Jacob’s Dream at Bethel
            Well, we’ve got Jacob fleeing. Of course, the next thing that happens is a very interesting encounter. He goes north. We know the place, Bethel, already. And as he stops there, he spends the night with his head on a rock. Verse 12 of chapter 28 says he had a dream, and he saw a stairway resting on the earth with its top reaching to heaven. The angels, what are angels in this whole economy of God’s servants? You know what the word means?  Yes, it means “messenger.” So we’ve got God’s messengers basically between heaven and earth descending on this stairway. Part of what Jacob is to see is that God has ways of watching out for him, and now that’s going to involve this kind of protection. Above it or perhaps on it or perhaps beside it, depending on how you translate that Hebrew preposition, stood the Lord, and he makes a promise. “I’m the Lord, the God of your father Abraham, the God of Isaac, the God of Jacob; I will give you and your descendants the land.” And he also talks about numbers of descendants, so the promise of God is reiterated here.

In turn, Jacob makes his own “promise.” It’s kind of conditional - at the end of that chapter. “If God will be with me and will watch over me on the journey I am taking, give me food to eat and clothes to wear so I can return safely to my father’s house…”  Notice all the conditions? “Then the Lord will be my God. This stone I’ve set up will be a pillar in God’s house.”  Bethel, by the way, Beth-el means “house of God,” so we’ve got an interesting etiology going on there, a story that explains this naming thing. “And of all that you give me I will give you a tenth.” Notice, God’s promise is unconditional, he’s just saying this is going to be the way it’s going to be, the promise I made to Abraham, to Isaac, is going to be carried on through you. Jacob seems to be still a little bit skeptical at this point.
            Well, we need to also take a quick turn over to the gospel of John.  Let’s look and see what’s going on in John chapter 1. Jesus has been baptized, John has said, “Behold the lamb of God who takes away the sin of the world.”  Jesus’ first disciples seem to find him and seek him out and see what’s going on with this person, and Andrew, in verse 40 says, “we’ve found the Messiah!” And then Peter comes. The next day (starting with verse 43), Jesus decides to leave for Galilee. He says to Philip, “Follow me.” Phillip finds Nathaniel, and tells him, “we’ve found the one Moses wrote about in the Torah, and the prophets also wrote about - Jesus of Nazareth.” Now Nathaniel is kind of an interesting character. He’s a bit of a skeptic. “Nazareth? Can anything good come out of Nazareth?” Now there are some reasons why he might say that; you’ll get into those in New Testament probably. Notice in verse 47, Jesus says, “Here’s a true Israelite in whom there is nothing false.” Do you catch the allusion there? An Israelite, a descendant of Jacob, has this whole history of deceit built into the national epic, if you will. And Jesus is saying, this guy, Nathaniel, he’s an Israelite, but there is nothing deceitful about him.  He speaks without guile.

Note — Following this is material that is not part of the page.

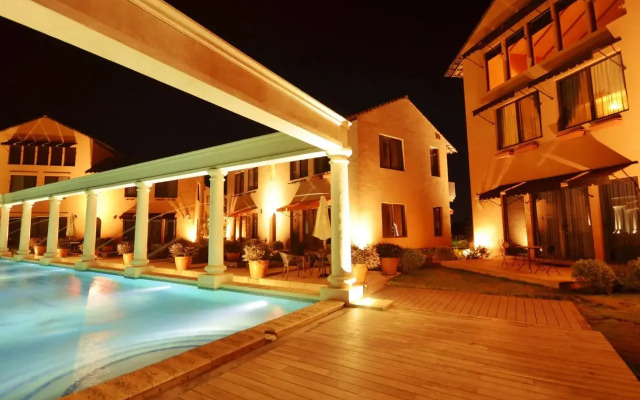 Hotel La Casetta by Toscana Valley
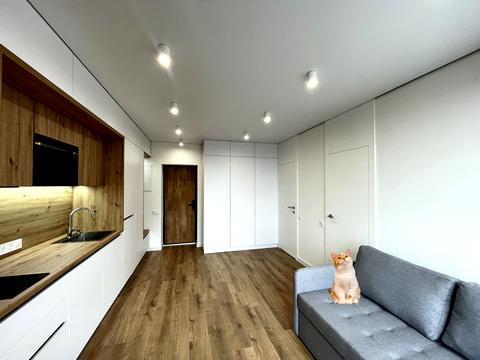 квартира за адресою Естонська вул., (Будинок)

But that, of course, isn’t the main point of the story. That’s just an aside regarding the Jacob-Israel connection. When Nathaniel says, how do you know me? Jesus says, “I saw you while you were still standing under the fig tree.” And then Nathaniel says, “Rabbi, you are the Son of God! You are the king of Israel!” And Jesus says, “You’re going to see greater things.” Verse 51 is really our punch line here. “I tell you” (and the word “you” there is plural now, it’s not just Nathaniel), “I tell you the truth, you’re going to see heaven open…” and the angels of God aren’t going to be going up and down on a stairway. “They’re going to be going up and down on the Son of Man himself,” Jesus’s chosen name for himself. In other words, Jesus is going to be the means of access between heaven and earth. The connection here is an important one, because of Jacob’s dream, and what Jesus will do with it when he makes that incredible promise with regard to his mission and ministry.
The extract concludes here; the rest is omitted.